Case in point: My charming and vivacious wife is a lot older than I am. Born in the final hours of 1950, she had to start withdrawing retirement funds from her IRA two years ago.
It's a different story for me, born 24 days after my wife in the early days of 1951. (I would never reveal a lady's age, of course, but have no problem listing my age of 73.)
So, because Congress couldn't make up its (permit me to use a Wyoming term here) “rabbit-ass mind,” and increased the age at which oldsters must shake loose of some of their deferred-tax retirement savings - from 71 ½, to 72, and to the current 73 - I'm a whole different kettle of taxable fish than the person sitting across from me at the breakfast table.
While she has had to withdraw money (around 3 percent per year) for two years, the spring chicken she's married to doesn't have to withdraw a penny until the end of this year. (Maybe this is a penalty for robbing the cradle.)

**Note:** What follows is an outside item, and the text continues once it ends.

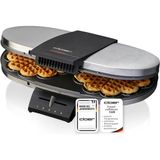 Cloer 15,5 cm Çapında 2 Kalpli Waffle Için Cloer 1329 Çift Waffle Makinesi, Yapışmaz Kaplamalı Waffle Makinesi, Paslanmaz Çelik Gövde, Kademesiz Kızartma Seviyesi ve Görsel Tamamlama Bildirimi, Pfas I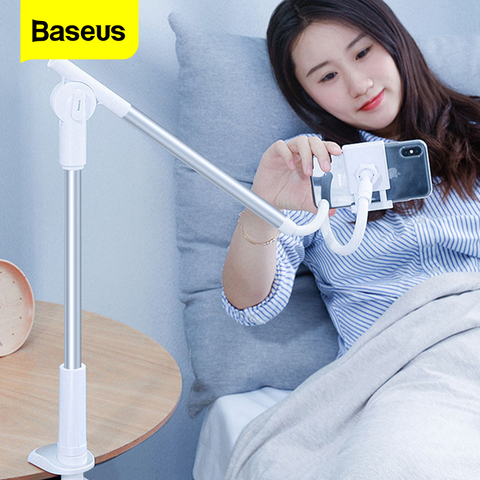 Baseus 360 rotatif Flexible bras Long paresseux support de téléphone réglable bureau lit tablette pince pour iPhone Xiaomi support de téléphone portable ► Photo 1/6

Three years difference because I was born 24 days later. It's crazy, but...
Woo-Hoo!
They raised the age requirements during Covid, figuring it was more important for me to keep my money in my account than old people like her. And they kept sending us money during the pandemic, never asking if we needed more (borrowed) money that our grandkids will someday have to repay. But since somebody needed it, everybody got it. (What a way to run a railroad.)
We probably wouldn't have missed any meals even if they hadn't sent us money, and hadn't raised the mandatory withdrawal age.
Meanwhile, I'm enjoying the opportunity to remind my wife how much younger I am than she is.
(The old gal takes it pretty well.)
- Funny birthday cards are a tradition at our house.
If I sent my wife a mushy email, she would respond, “Who IS this? Because I know this isn't my husband. If you've kidnapped him, I not paying ransom. You can keep him.”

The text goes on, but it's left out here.